-- Data for analysis --
———

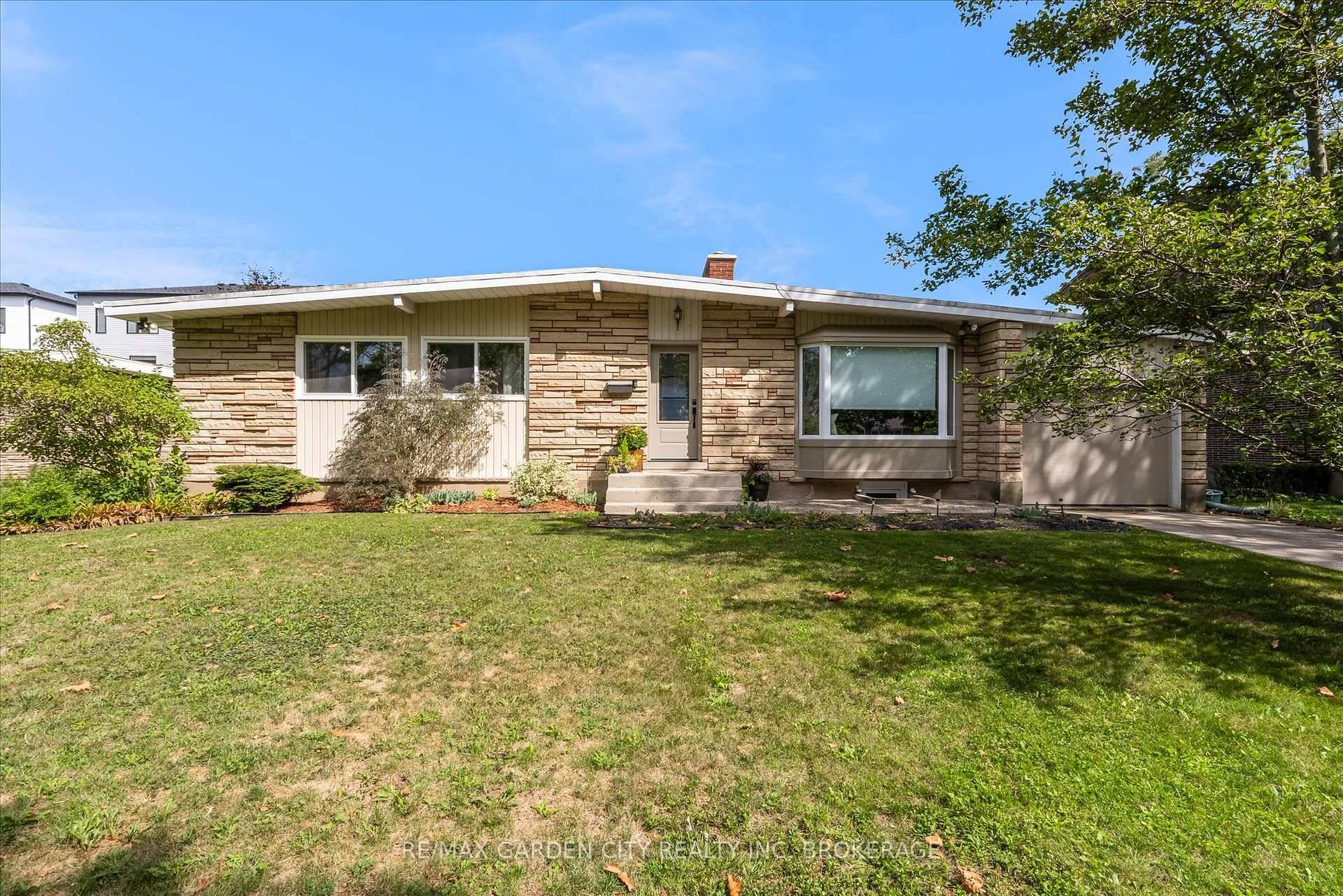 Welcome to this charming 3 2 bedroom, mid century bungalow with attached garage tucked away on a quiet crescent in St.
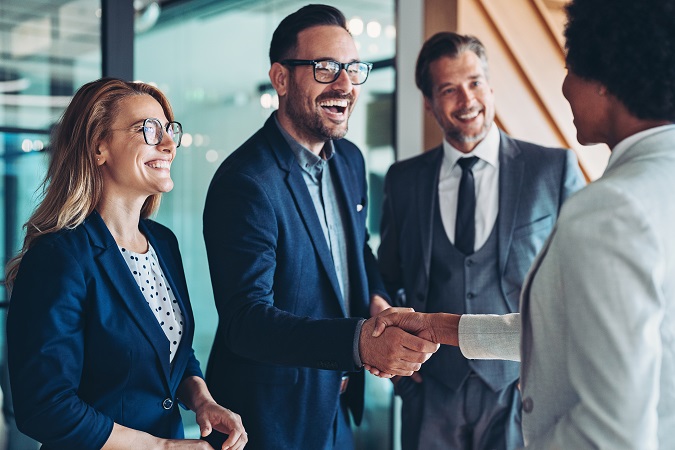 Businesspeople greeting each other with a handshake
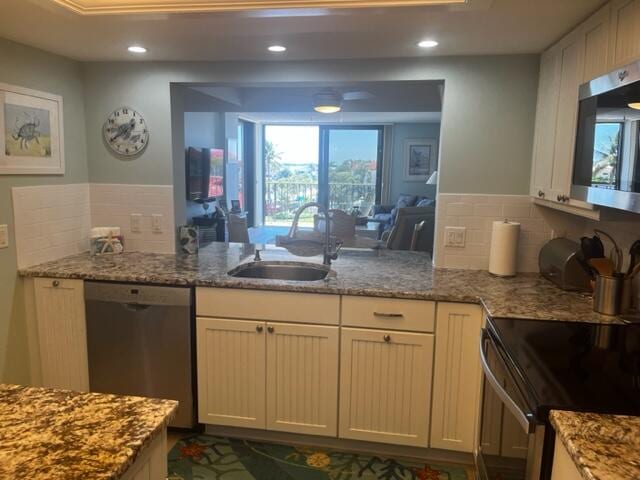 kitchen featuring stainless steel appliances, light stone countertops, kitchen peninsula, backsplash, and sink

———

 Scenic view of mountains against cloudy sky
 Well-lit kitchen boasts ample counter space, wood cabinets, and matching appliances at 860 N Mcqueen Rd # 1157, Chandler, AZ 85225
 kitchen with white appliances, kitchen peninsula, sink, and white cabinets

———

Among the lines above, find those with the word "cabinets". Copy them.

-- Solution to the exercise --
 Well-lit kitchen boasts ample counter space, wood cabinets, and matching appliances at 860 N Mcqueen Rd # 1157, Chandler, AZ 85225
 kitchen with white appliances, kitchen peninsula, sink, and white cabinets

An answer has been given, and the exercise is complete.